The shortest – or, at least, the most picturesque – route into the centre of town from my home leads through a walled garden owned by the church. It’s a wonderful space and many of the photos on this blog – witch hazel, bluebells, cyclamen, crocuses, spring blossom… – have been taken there. I’ve sat there often, sometimes to read, occasionally to write, but more often just to think and watch the birds and squirrels.
As far as I know, the garden is open every day; certainly in the two or three years I’ve lived here I’d never seen it closed.
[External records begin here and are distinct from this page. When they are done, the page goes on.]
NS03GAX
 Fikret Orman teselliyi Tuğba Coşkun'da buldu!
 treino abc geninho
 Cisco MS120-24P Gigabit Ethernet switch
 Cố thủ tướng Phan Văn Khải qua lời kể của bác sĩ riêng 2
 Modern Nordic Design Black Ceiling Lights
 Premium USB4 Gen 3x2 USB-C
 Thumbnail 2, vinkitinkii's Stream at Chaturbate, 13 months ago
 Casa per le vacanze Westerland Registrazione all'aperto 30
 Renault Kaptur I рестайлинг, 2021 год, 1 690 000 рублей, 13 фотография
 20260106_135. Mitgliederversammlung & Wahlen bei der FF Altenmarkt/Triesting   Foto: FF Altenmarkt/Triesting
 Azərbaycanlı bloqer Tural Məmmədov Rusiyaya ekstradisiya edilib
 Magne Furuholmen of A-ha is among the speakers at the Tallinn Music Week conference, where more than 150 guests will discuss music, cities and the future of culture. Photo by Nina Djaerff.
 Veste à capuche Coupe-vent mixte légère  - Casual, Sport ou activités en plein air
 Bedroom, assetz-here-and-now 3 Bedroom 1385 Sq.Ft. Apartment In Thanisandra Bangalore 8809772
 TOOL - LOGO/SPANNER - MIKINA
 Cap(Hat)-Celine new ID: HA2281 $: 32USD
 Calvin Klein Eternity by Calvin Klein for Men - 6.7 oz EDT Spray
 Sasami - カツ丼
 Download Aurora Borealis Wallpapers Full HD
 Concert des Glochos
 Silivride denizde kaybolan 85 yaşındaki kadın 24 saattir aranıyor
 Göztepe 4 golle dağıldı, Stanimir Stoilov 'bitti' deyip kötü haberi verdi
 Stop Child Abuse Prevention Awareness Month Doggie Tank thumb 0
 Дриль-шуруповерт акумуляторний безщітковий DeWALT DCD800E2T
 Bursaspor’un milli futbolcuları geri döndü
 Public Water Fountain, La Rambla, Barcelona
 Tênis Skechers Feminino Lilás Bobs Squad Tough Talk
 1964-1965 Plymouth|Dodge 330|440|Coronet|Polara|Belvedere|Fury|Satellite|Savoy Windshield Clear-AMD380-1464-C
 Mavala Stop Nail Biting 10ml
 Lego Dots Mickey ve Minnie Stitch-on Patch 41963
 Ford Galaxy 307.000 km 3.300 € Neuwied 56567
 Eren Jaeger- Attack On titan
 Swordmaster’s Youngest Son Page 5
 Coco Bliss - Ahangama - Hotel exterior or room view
Never until this week, that is.
Apparently they are doing some work on the old stone walls and although they are still keeping the garden open as much as they can, they have decided to lock the wrought iron gates while the workmen are not around to keep an eye on their tools and scaffolding.
Fortunately, the closure doesn’t involve a very long detour as there’s a narrow alleyway – the tinker-tank – that runs beside the garden. There is some debate as to the spelling, but Rob MacFarlane, whose twitter feed is a delight of folklore and the natural world, says that “In Warwickshire, high-walled alleyways are sometimes called tinka-tankas; onomatopoeic of the echoing sound feet make when walking them.”
Even though the detour is only temporary and doesn’t add more than a couple of minutes to my walk, when I saw the closed gate, my immediate reaction was one of irritation: we are such creatures of habit that even a minor change to our routine is viewed as an inconvenience.
But if I hadn’t had to walk along the tink-a-tank, I would not have seen these wonderful red berries, so luminous in this morning’s sunshine that they looked like Christmas tree lights.
I must try and remember that a change in route or routine can actually provide new sights and experiences and shouldn’t automatically be dismissed as a bad thing.